WORK INSTRUCTION → Please restate the entries below word for word, leaving out any pictures.

Stored items:
· · · · ·
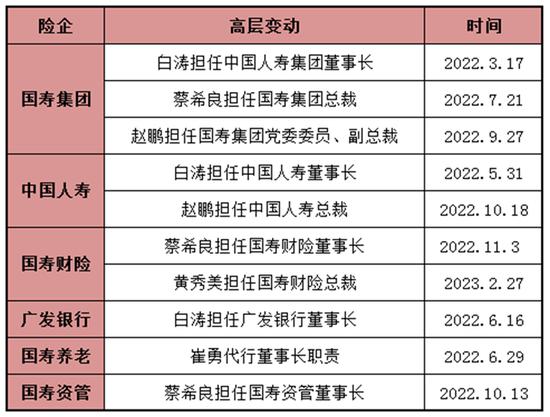 6万亿国寿集团高层补位换防！53岁寿险总精算师利明光出任集团党委委员，或晋升副总裁，苏恒轩到龄退休…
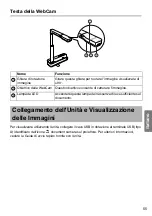 Preview for 55 page of Epson ELPDC06 Document Camera For serial numbers beginning with LQZF - DC-06 Document Camera User Manual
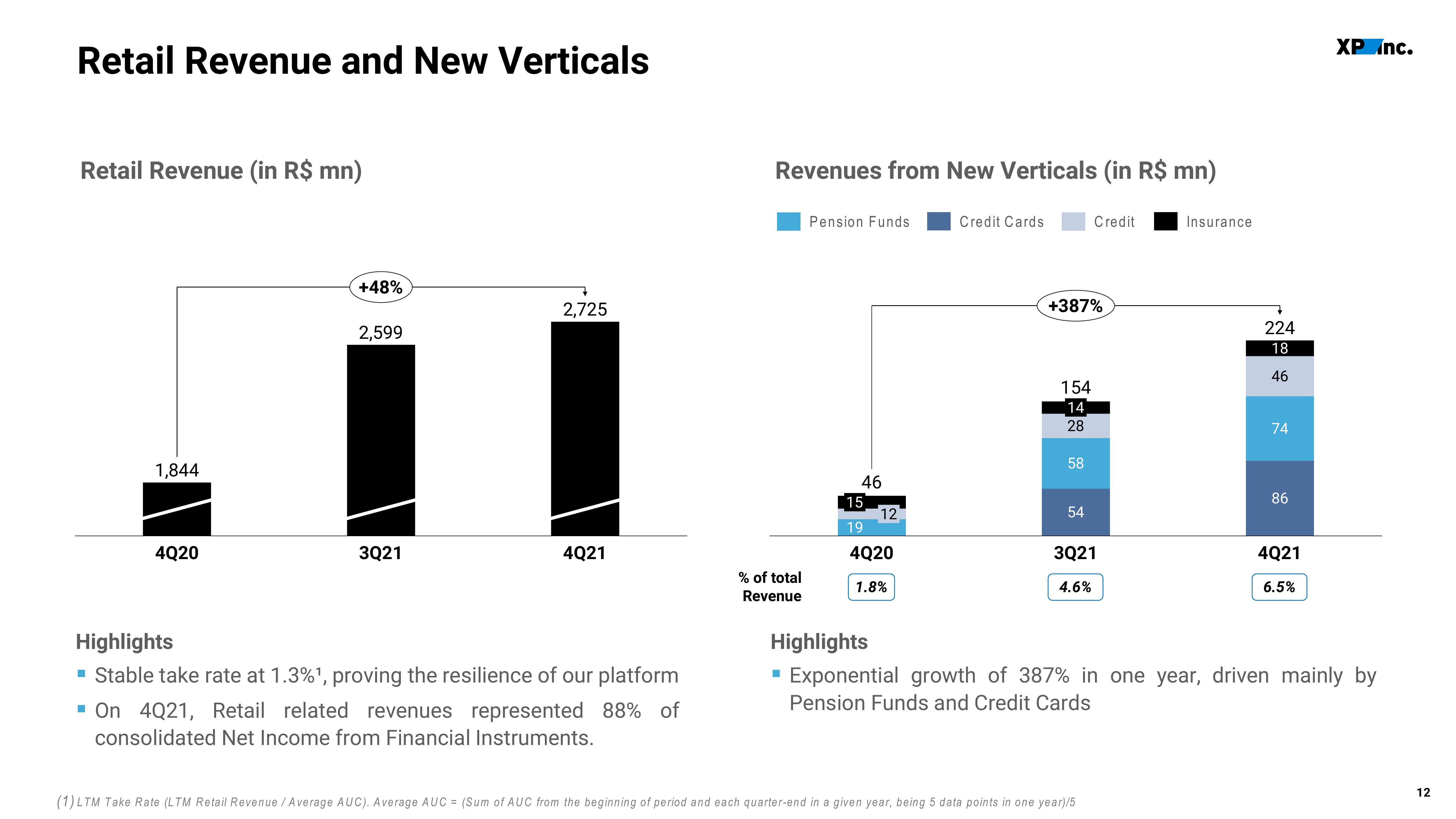 XP Inc Results Presentation Deck slide image #12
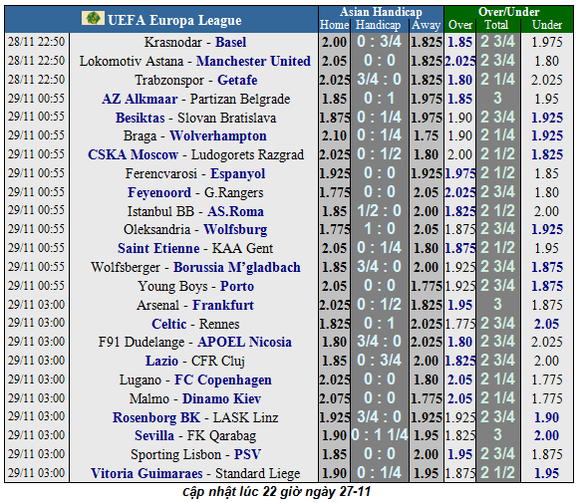 Nhận định Arsenal - Frankfurt: Chia điểm ở Emirates (Mới cập nhật) ảnh 3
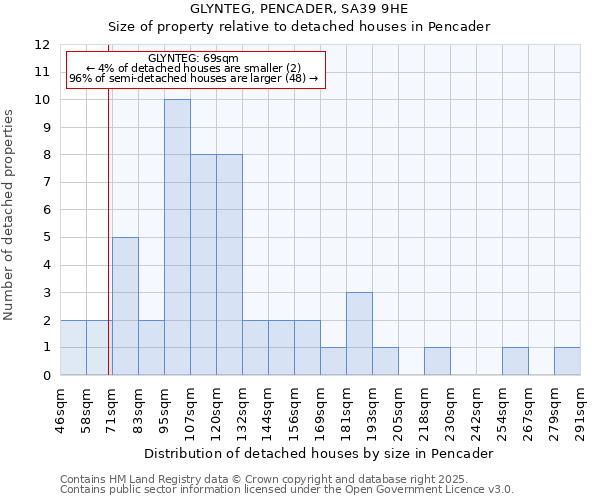 GLYNTEG, PENCADER, SA39 9HE: Size of property relative to detached houses houses in Pencader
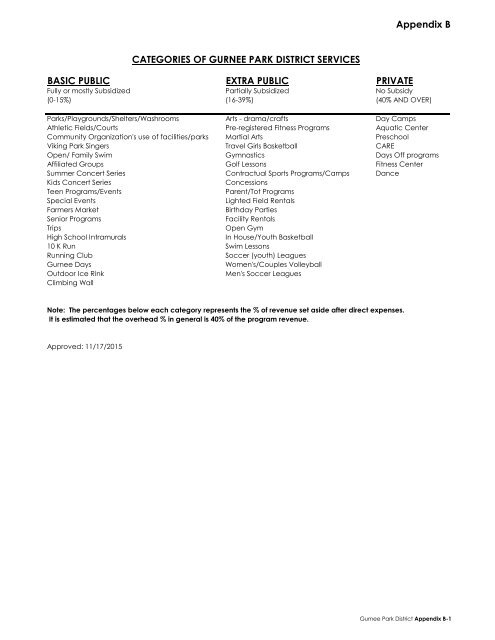 Gurnee Park District 2016-2017 Annual GFOA Budget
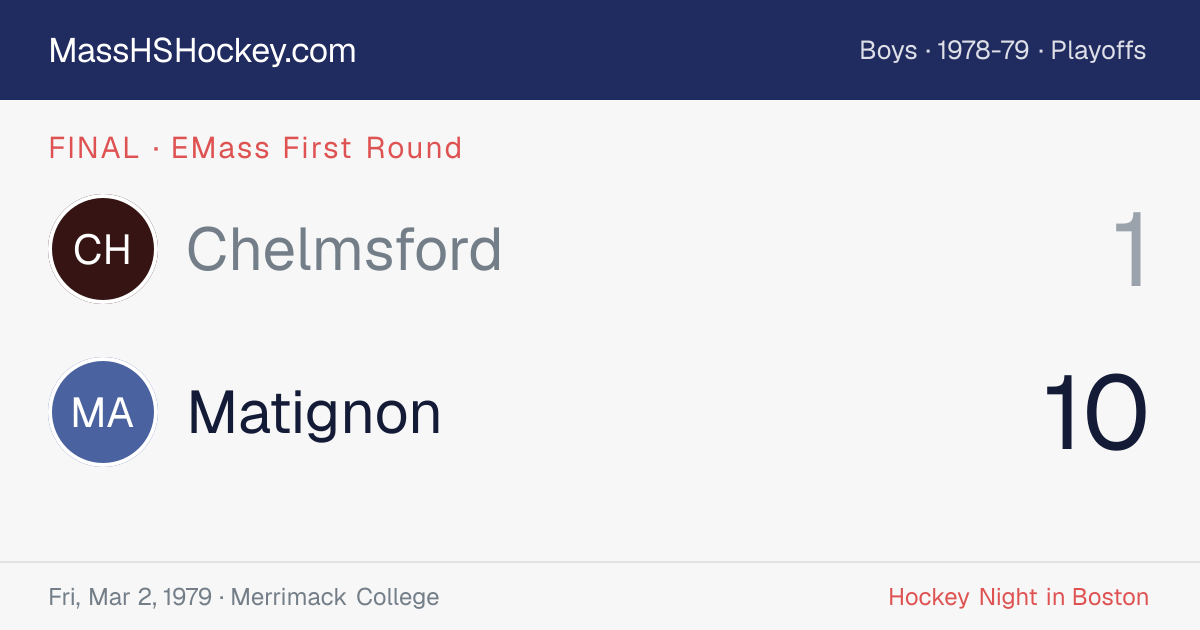 Chelmsford at Matignon score card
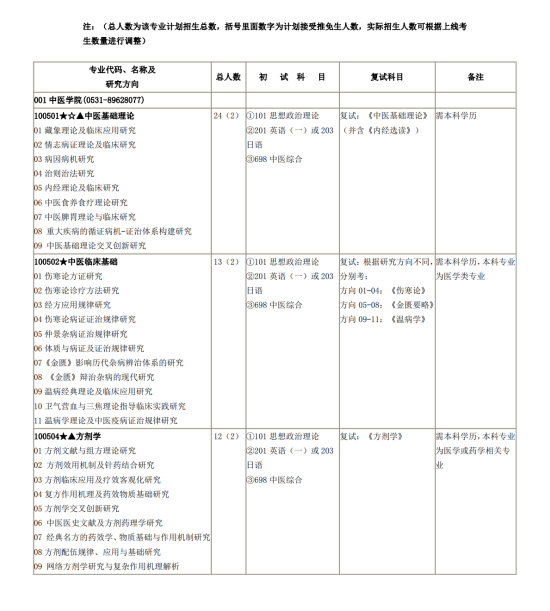 2023山东中医药大学研究生招生专业目录及考试科目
· · · · ·
ANSWER TO THE PROBLEM →
 6万亿国寿集团高层补位换防！53岁寿险总精算师利明光出任集团党委委员，或晋升副总裁，苏恒轩到龄退休…
 Preview for 55 page of Epson ELPDC06 Document Camera For serial numbers beginning with LQZF - DC-06 Document Camera User Manual
 XP Inc Results Presentation Deck slide image #12
 Nhận định Arsenal - Frankfurt: Chia điểm ở Emirates (Mới cập nhật) ảnh 3
 GLYNTEG, PENCADER, SA39 9HE: Size of property relative to detached houses houses in Pencader
 Gurnee Park District 2016-2017 Annual GFOA Budget
 Chelmsford at Matignon score card
 2023山东中医药大学研究生招生专业目录及考试科目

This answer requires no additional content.